Veteran White Sox outfielder embraces business of baseball
Drafted in 2005, Trayvon Robinson has batted .271/.347/.415 during his Minor League career. (Jorge Salgado/El Paso Chihuahuas)
March 5, 2020

Baseball players understand the business side of the game -- even those who've sipped only a cup of coffee in The Show. For the past 15 years, the business of baseball has left an indelible mark on Trayvon Robinson. And for 15 years, he's tried to leave one on the

Baseball players understand the business side of the game -- even those who've sipped only a cup of coffee in The Show. For the past 15 years, the business of baseball has left an indelible mark on Trayvon Robinson. And for 15 years, he's tried to leave one on the game he loves.
"I've learned a lot," said Robinson, who is with his eighth Major League organization. "By being in Venezuela, winter ball, independent ball ... I had to change some mind-sets, some approaches, but right now, this is kind of working."
"Right now" is Spring Training with the Chicago White Sox. That the 32-year-old even buttons up a big league uniform is a modern-day Crash Davis tale that sounds like it's straight out of "Bull Durham."
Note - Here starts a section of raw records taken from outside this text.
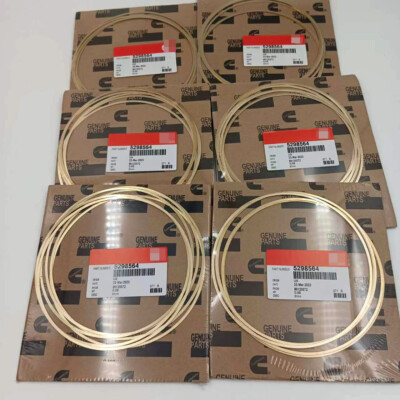 6Set 5298564 OEM Shim -Liner .020 Counterbore Shim For Cummins ISX 1997 ...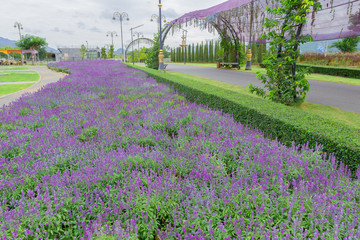 Ornamental Public Gardens and Bushes greenery and flowers in tha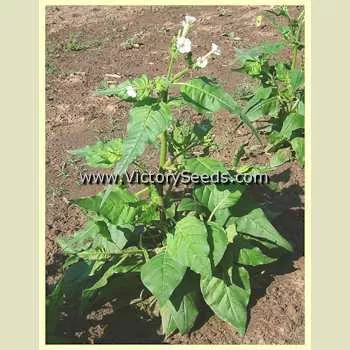 Clevelandii Tobacco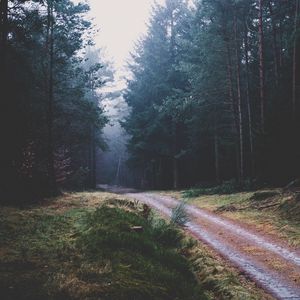 Preview wallpaper footpath, forest, trees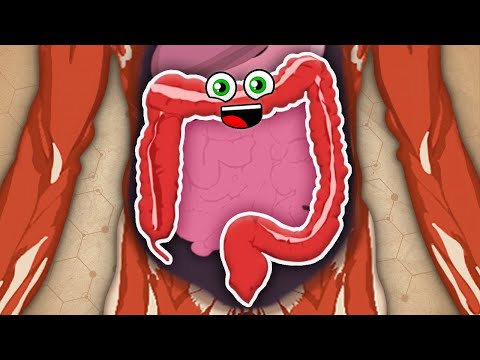 The Large Intestine Has Expanding Walls! | KLT Anatomy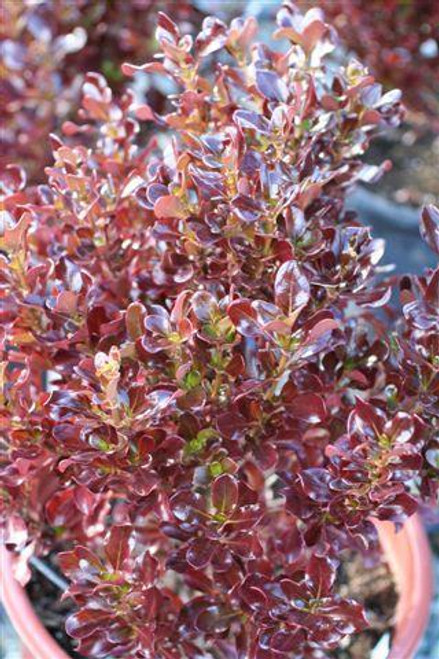 Coprosma repens 'County Park Red' (Red/Gold)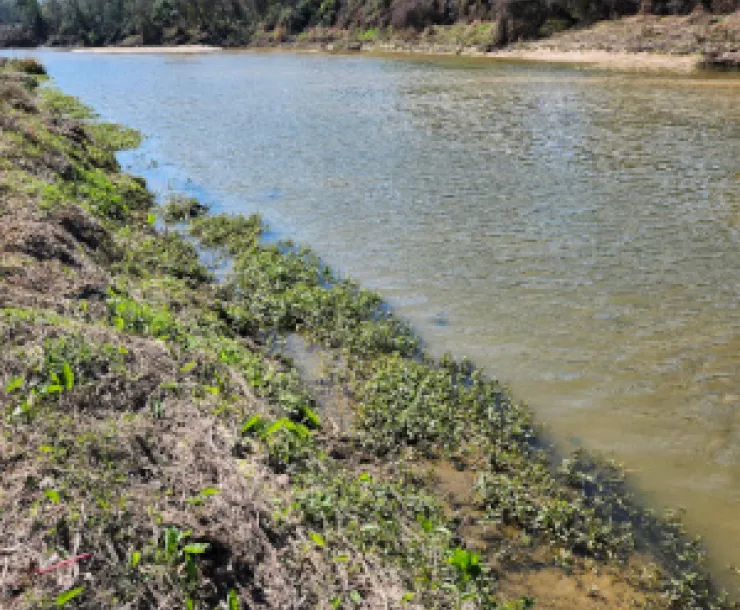 Montgomery preserve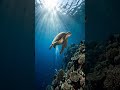 Por que as Tartarugas Marinhas Choram? 🐢💧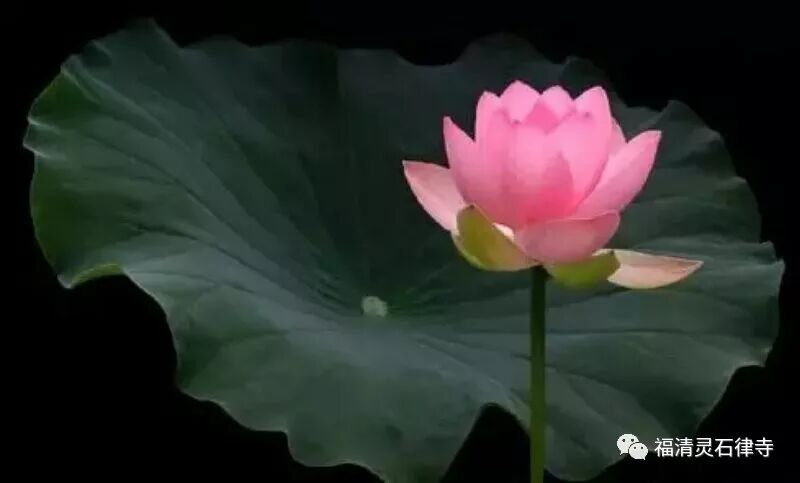 【学佛行仪敬僧篇之二十九】供僧饮食应注意什么？（一）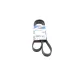 Ремінь генератора Fiat Doblo 1.3D Multijet/1.3JTD/Ford Focus 1.8/2.0 04- (6PK1306)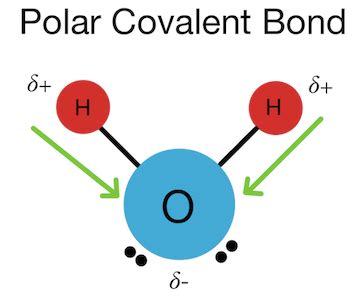 Polar and Nonpolar Covalent Bonds — Overview & Examples - Expii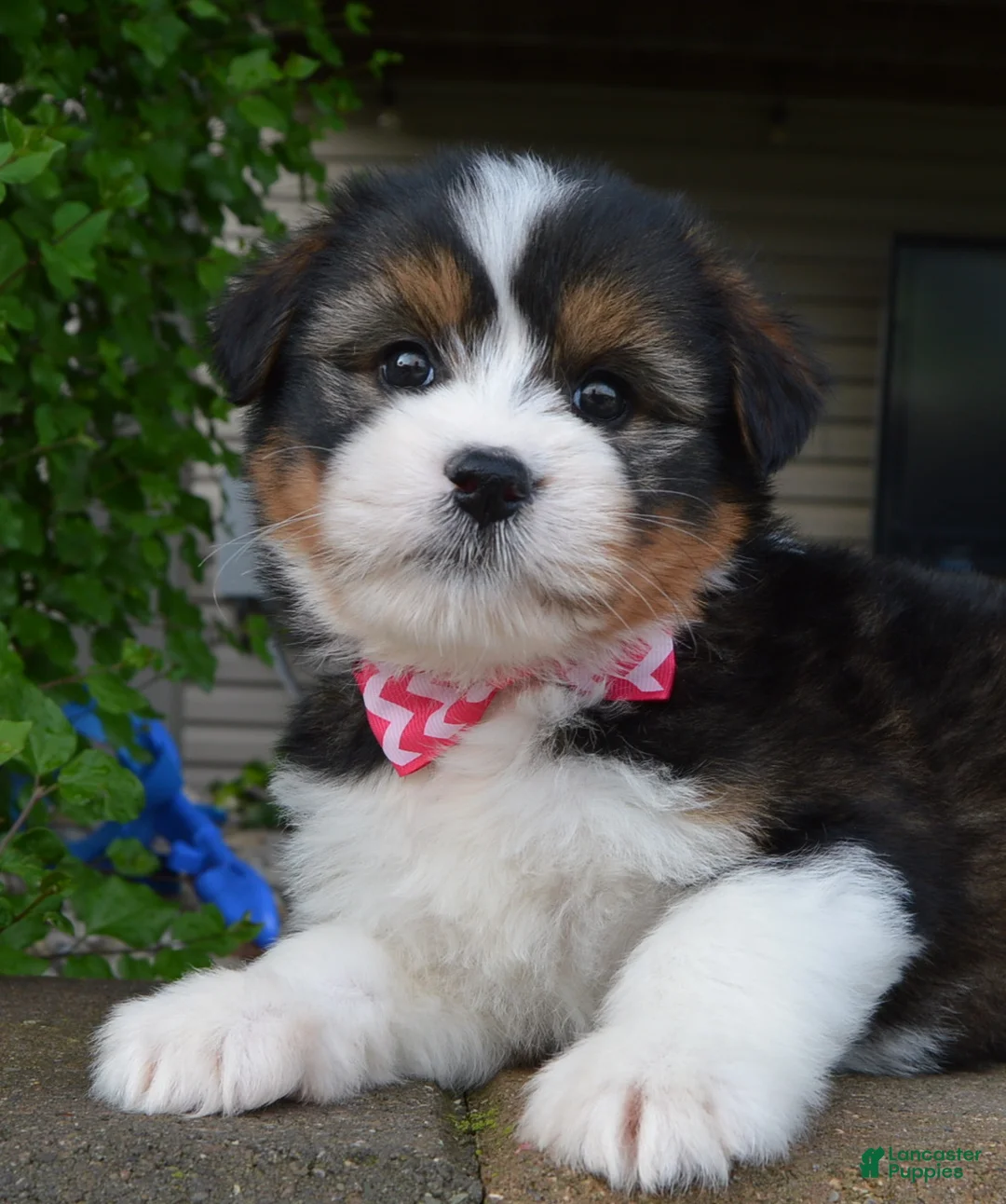 Mini Bernedoodle dogs for sale: Mini Blossom - Ad 2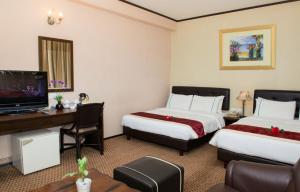 TV a/nebo společenská místnost v ubytování Hotel Vistaria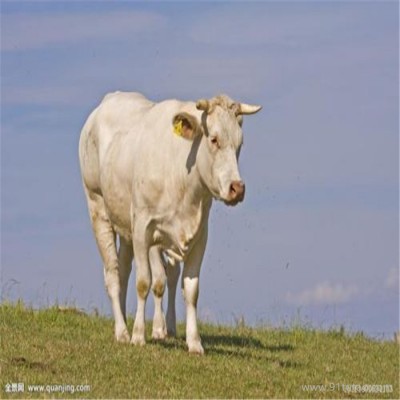 郓城晟成牧业 优质夏洛莱牛 夏洛莱牛优质牛犊 夏洛莱牛纯种小牛犊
A native of Los Angeles, Robinson survived a tough neighborhood where street gangs were commonplace. When he was a teenager, stray bullets riddled his house, a side effect of random violence. Two weeks before he was drafted, a group of men attacked Robinson and a friend. Like many inner-city youths, sports were a way out.
He played baseball at Crenshaw High School, which has produced several notable big league alums, including Darryl Strawberry, Ellis Valentine and Chris Brown. The Dodgers selected Robinson in the 10th round of the 2005 First-Year Player Draft.
In the previous two years, Los Angeles had stockpiled outfielders Xavier Paul, Matt Kemp, Anthony Raglani and B.J. Richmond in early rounds. Even in '05, Sergio Pedroza was the team's third-round selection.
"I wasn't a big money guy -- 50 grand out of high school," Robinson said. "It was already an uphill battle for me, but I knew what I could bring to the ballpark. I didn't really care about who lined up against me.
"We had other [bonus] guys, but the funny thing is, I was going to line up with them. I felt like that was another opportunity for me to just go out there and do what I do. No matter how big my pockets are, there's some kind of value."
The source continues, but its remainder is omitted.